The report underlines that DEI issues are human rights issues, and calls for investors to give this area the same attention that they give to climate change. It adds that investors can not only change how DEI issues are viewed in their own companies, but more widely across society.
The PRI report says that to date, much of the focus within DEI initiatives has been on gender. The PRI says that while progress has been made on this front there is still considerable work to do. However it says it is “vital” that the DEI focus expands beyond this one issue and encompasses race, sexual orientation and a broader spectrum of diversity issues.
The report says there are a number of drivers for investor action on this topic, including both increased regulatory focus on DEI issues and the potential for improved business and investment outcomes.
It adds that the benefits of improving DEI are well understood and demonstrable – including but not limited to the avoidance of “groupthink,” positive impact on employee engagement and performance, reputational gains among stakeholders, greater reflection of beneficiary preferences and increased access to untapped markets.

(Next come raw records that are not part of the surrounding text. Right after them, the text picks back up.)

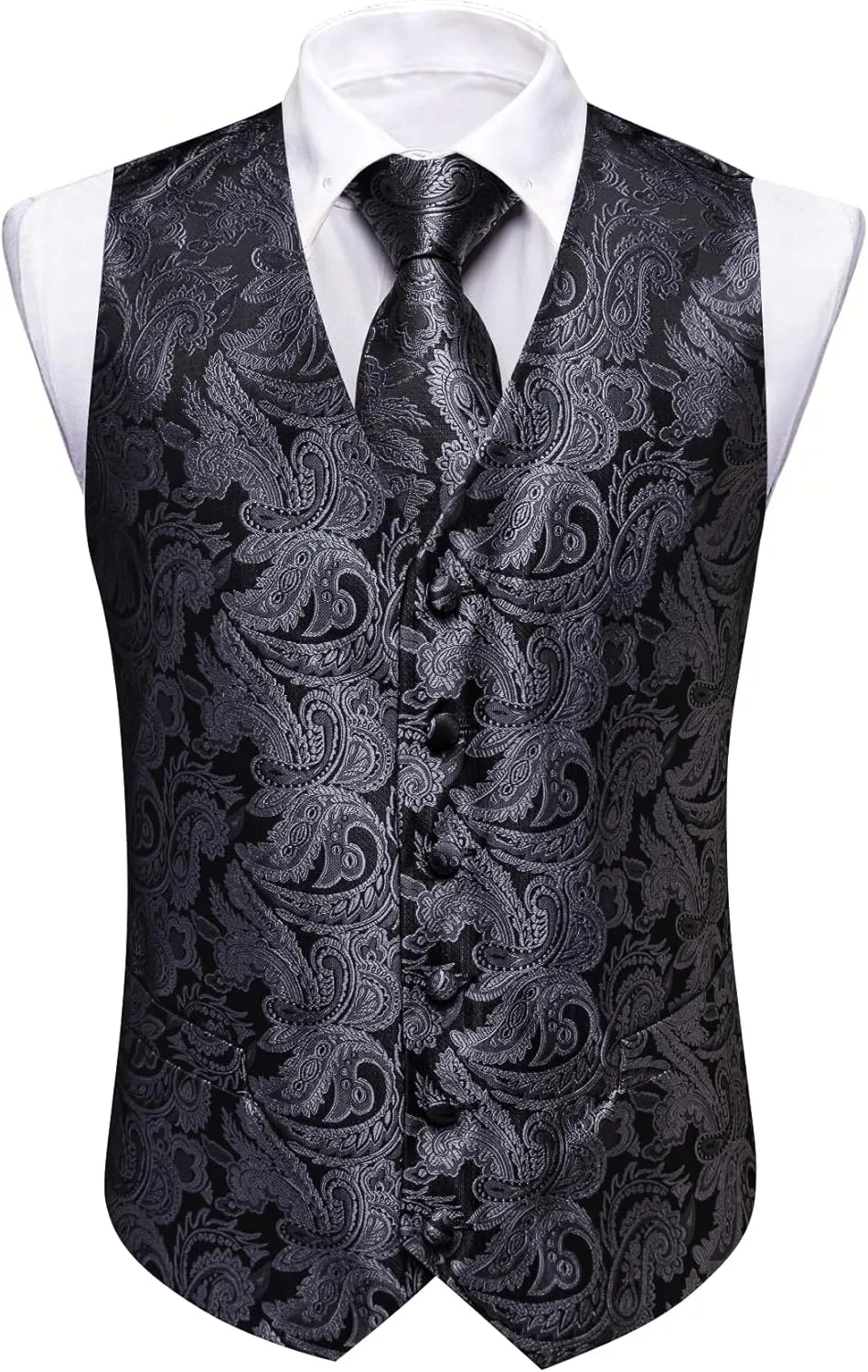 YOHOWA Mens Suit Vest Silk Tie Bowtie Set Paisley Jacquard Formal Waistcoat Clip Hanky Cufflinks Lapel Pin Wedding Party 8PCS
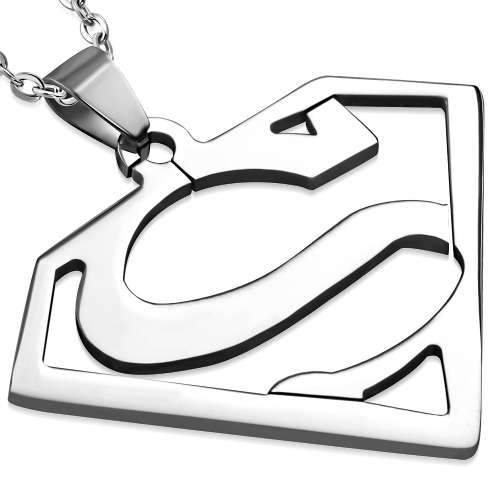 Superman-Style Stainless Steel Cut-out S Triangle Pendant - TPB037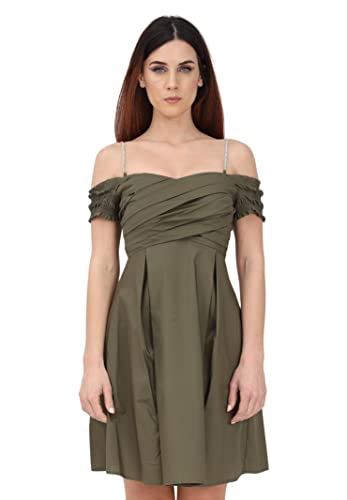 Robe courte Liu Jo Jeans vert d'été pour femme chic décolleté bretelles bijoux raffinées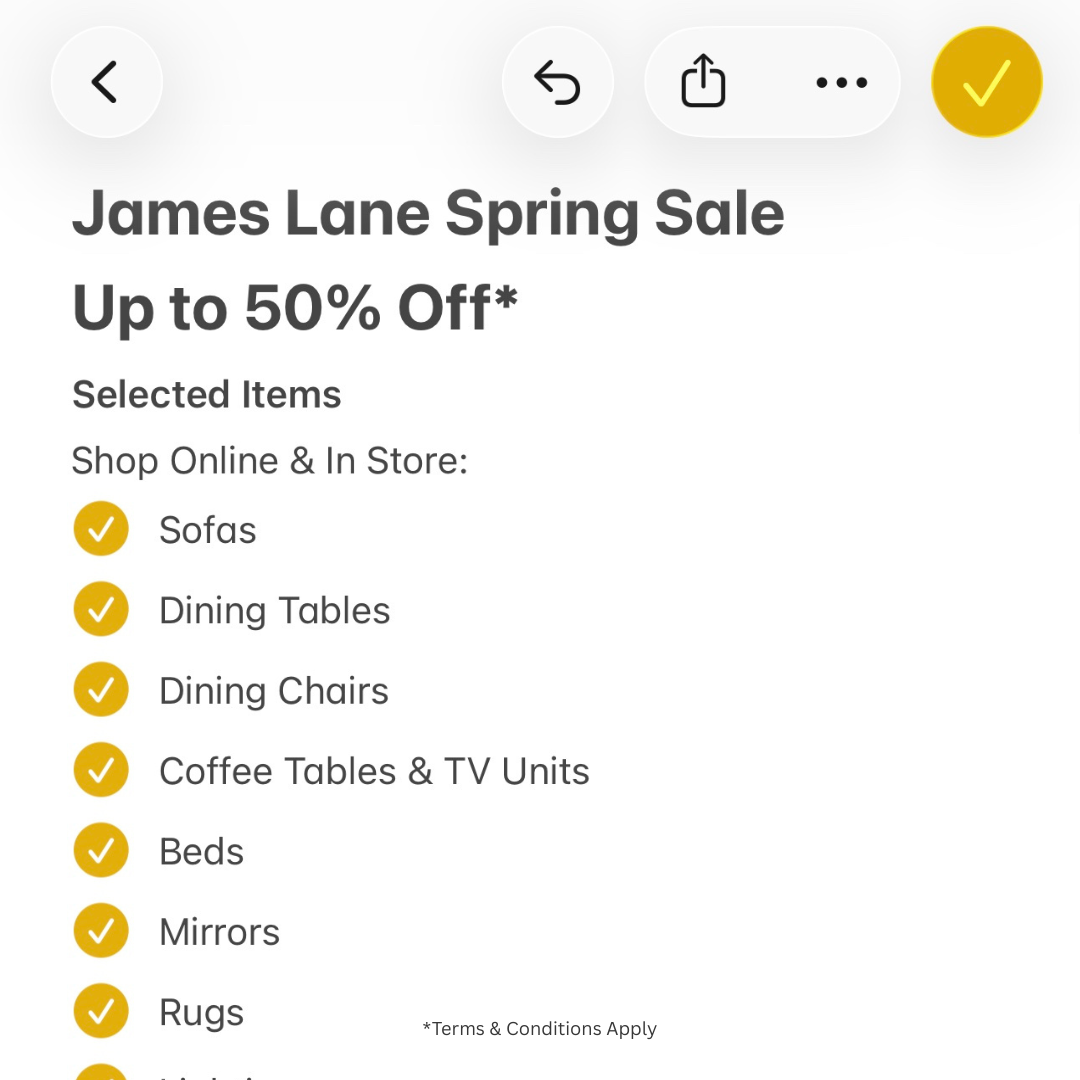 James Lane Facebook ad: Up to 50% Off Spring Sale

The report adds that strong evidence exists to suggest that systemic inequality on a national and international scale can not only have a detrimental effect on individuals’ own financial wellbeing but can also stymie economic growth. Addressing DEI issues stands to grow the workforce, improve productivity, and therefore drive economic growth and global innovation.
It concludes that investors should seek to drive change on DEI issues across three key areas
- Inclusive corporate cultures: this means embedding DEI principles across the business’s workforce, rather than solely focusing on representation at board. It says this is needed in order to address structural barriers faced by underrepresented groups.
- Inclusive business models: this means incorporating DEI considerations into the design of a firm’s products and services, as well as pushing for this incorporation in underlying value chains.
- Inclusive societies: this entails investors working for coordinated change across relevant policy areas, as well as acting in concert to realise progress on DEI across all industry sectors.
It says that action taken by investors, particularly those managing large institutional assets and pension funds, may be similar to the work undertaken on issues such a climate change. For example a passive investors may want to look at bespoke indices that take DEI factors into account when weighting constituent companies. Meanwhile active investors may consider screening processes, to set a firm ‘floor’ for portfolio companies DEI standards.
The PRI report also calls for more effective engagement on these issues within the public policy sphere. Investors may consider lobbying on issues such as mandatory DEI disclosures and associated legislative developments which could positively impact the DEI sphere.
Elena Espinoza, senior specialist, human rights and social issues, at the Principles for Responsible Investment says: “DEI has a clear basis in human rights and is a core tenet of the United Nations Sustainable Development Goals.
“As such, responsible investors have a duty to embed the goals in their investment activity, and we’re calling on them to do more on the issue of DEI specifically.
“With this report, we’re encouraging investors to closely consider the issues at hand – namely, that addressing diversity must also entail addressing equity and inclusion too – in order to affect long-term systemic change. We’ve shown clearly the benefits of addressing systemic DEI issues, including to individuals, firms themselves, the communities most affected and the wider economy and society. Now, we’re asking investors to consider steps they can take to enact meaningful change.”